In this paper, we present a SPAD-based TCSPC imager in 40-nm CMOS technology with the smallest TDC reported to date (9.2 µm × 9.2 µm) [17] . The 12-bit TDC achieves the finest timing resolution (tunable from 33 to 120 ps) of all reported TCSPC pixels at an energy efficiency figure of merit (FoM) of 34 fJ/conv and <1 LSB differential nonlinearity (DNL) and <6 LSB integral nonlinearity (INL). The photon detection efficiency (PDE) of the array has been enhanced with cylindrical microlenses to provide a mean concentration factor of 3.25% and a 42% effective fill factor. The sensor also has a very low median dark count rate (DCR) of 25 Hz obtained at 1.5-V excess bias and at room temperature conditions. SPADs have a peak photon detection probability (PDP) of 34% at 560 nm for 1-V excess bias at room temperature [3] and a quench time of 5 ns.
This combination of high sensitivity, low noise, and precise timing resolution offers a transformative capability to lowlight, time-resolved, wide-field microscopy, where sensitivity is paramount to image very dim samples and the contrast of lifetime is the key requirement to answer many biological questions. The sensor improves on the architecture proposed in [4] by trading off lower frame rate and jitter for a higher pixel sensitivity and resolution. Indeed, many practical applications of FLIM demand video frame rate and few 100 ps contrast between multiplexed fluorophores with lifetimes in the 2-10-ns range. In addition, the 18 kf/s of timestamped pixel corresponds to the typical photon arrival rates typical of dim microscopic scenarios thus minimizing pile-up loss.

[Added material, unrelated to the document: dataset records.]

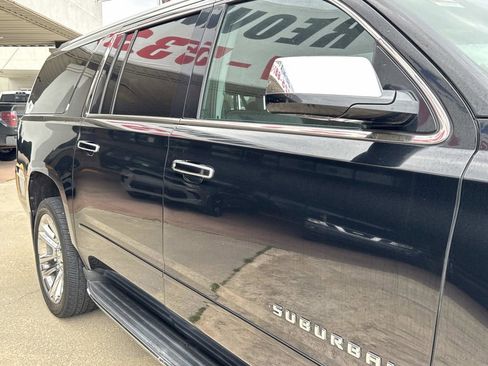Used 2019 Chevrolet Suburban Premier RWD image 16
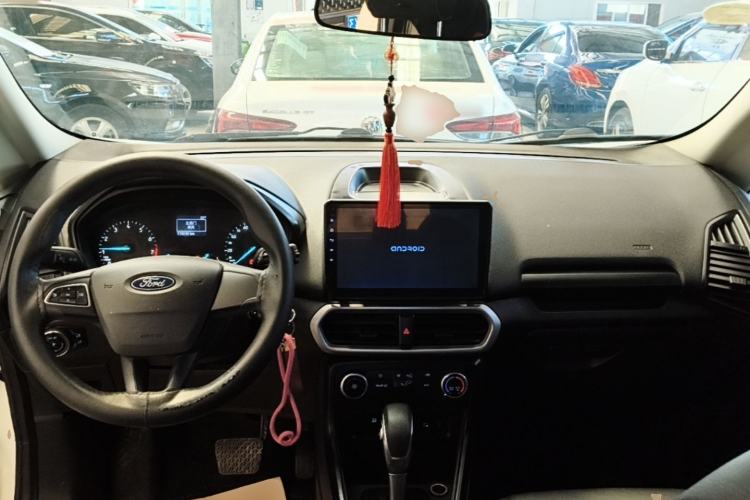 Used Ford EcoSport 2018 1.5L Automatic Elite Edition Center Console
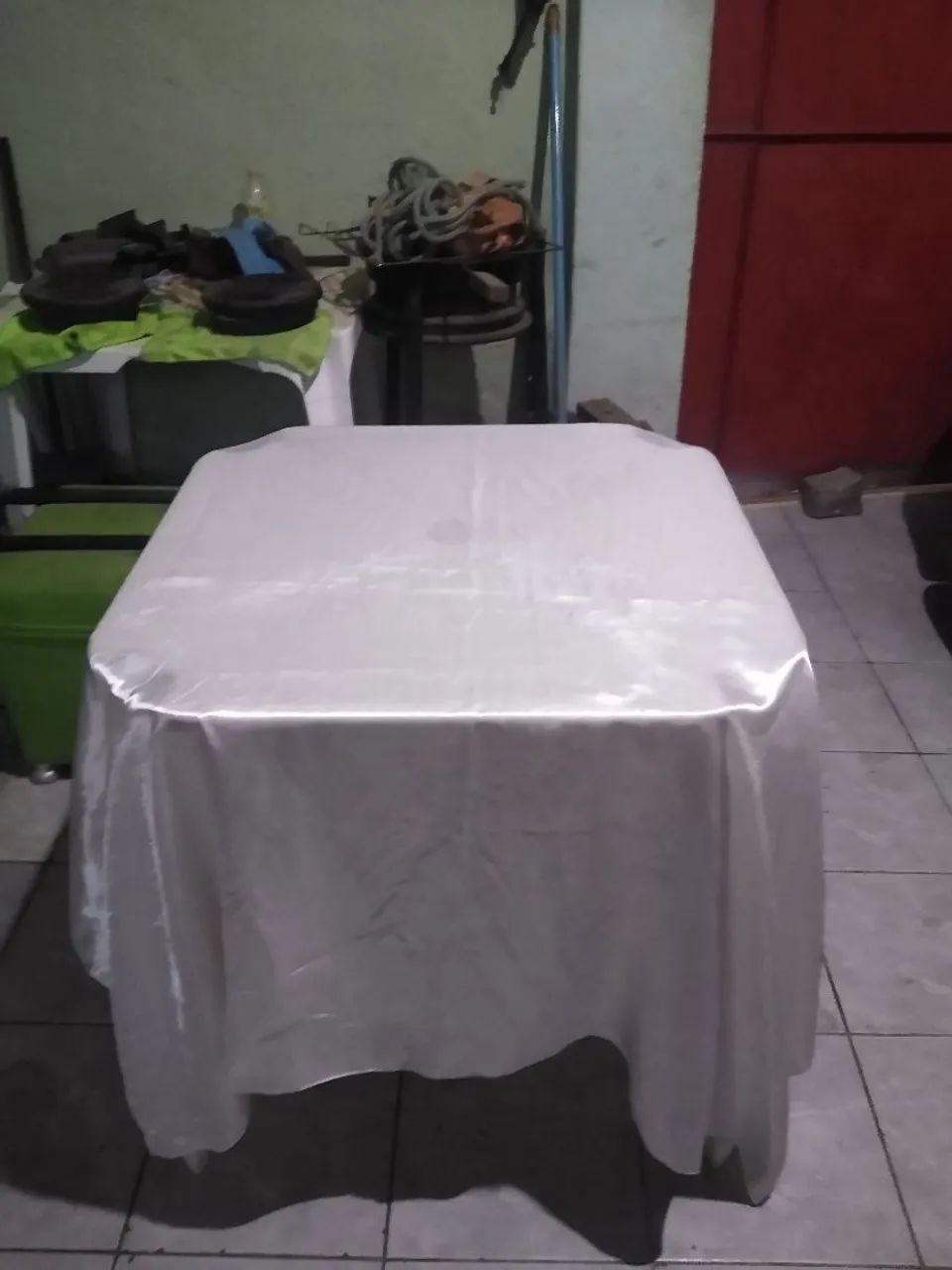 Aluguel de Mesas cadeiras toalhas e Frizer para seu  evento  - Foto 2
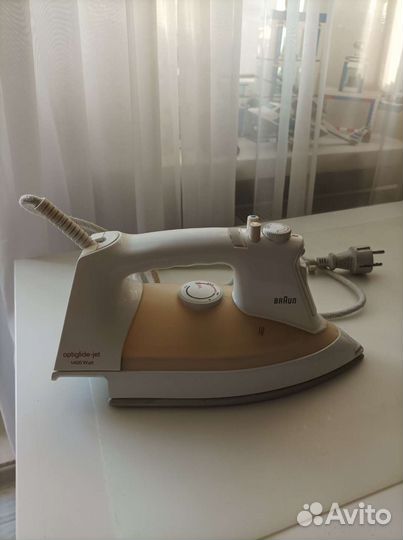 Утюг Braun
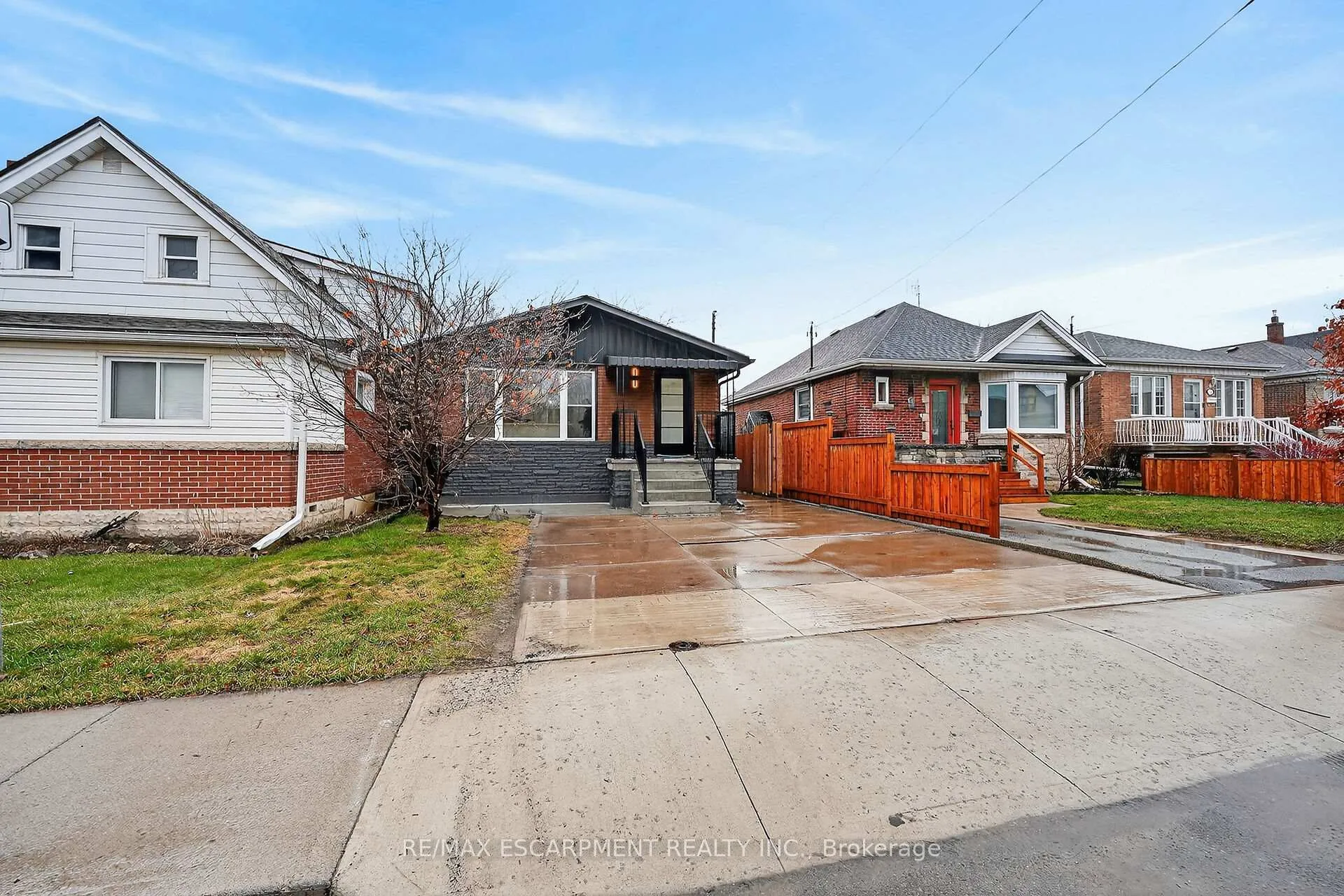 Photo 3 of 7 Crosthwaite Avenue S, Hamilton, Bartonville — HOMEH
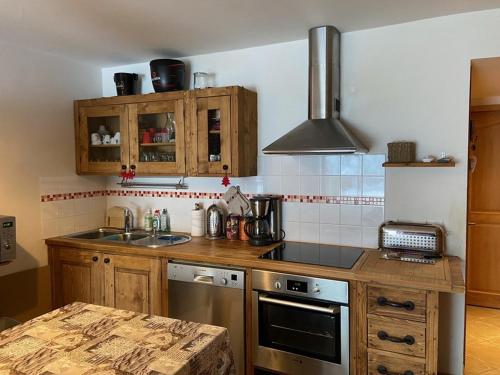 Appartement 3 pièces avec piscine et parking, jusqu'à 6 personnes - FR-1-733-128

The maximal TDC full-scale range of 490 ns also enables ToF laser ranging applications up to 73.5-m distance. The imager integrates an on-chip calibration scheme using a column of the imager which continuously measures full-periods of a clock to allow off-chip digital process, voltage, and temperature (PVT) compensation of every TCSPC frame on the fly. Full characterization results of the sensor are presented, as well as FLIM images.
II. SENSOR DESIGN
A micrograph of the sensor is shown in Fig. 1 . The 3.15 mm×2.37 mm chip is integrated into STMicroelectronics 40-nm CMOS technology offering industrialized SPADs [3] . The sensor block diagram in Fig. 2(a) consists of addressing circuitry, 64 parallel-to-serial converters, and a 192 × 128, 18.4 µm × 9.2 µm pixel array. Each pixel comprises a TDC coupled to a SPAD. The last column of the pixel array implements a calibration scheme to allow off-chip digital PVT compensation of every frame on the fly. A serial interface (SI) allows configuration of the sensor in multiple modes such as TCSPC and photon counting, as well as optional enabling and disabling of selectable pixel rows and columns. The SPADs adopt a column pairwise well-sharing layout strategy in order to optimize the fill factor and allow future 3-D stacking at a regular 9.2-µm pitch [18] . The sensor operates with the greatest photon efficiency at a maximum frame rate of 18.6 kframes/s with laser repetition rates of around 2 MHz (assuming the conventional 1% pile-up limit). 
A. Circuit Architecture
A highly optimized version of the pixel architecture originally proposed in [4] has been implemented in order to attain a pitch compatible with scientific imaging or ToF applications and scalable to megapixel resolutions. This involves dispensing with any functions that are not necessary for the pixel and re-using hardware resources wherever possible. In particular, the d-type flip-flop found in the digital cell library has been optimized to remove redundant re-buffering of clock signals and outputs. This saves over 30% of the dominant area contributor to the pixel.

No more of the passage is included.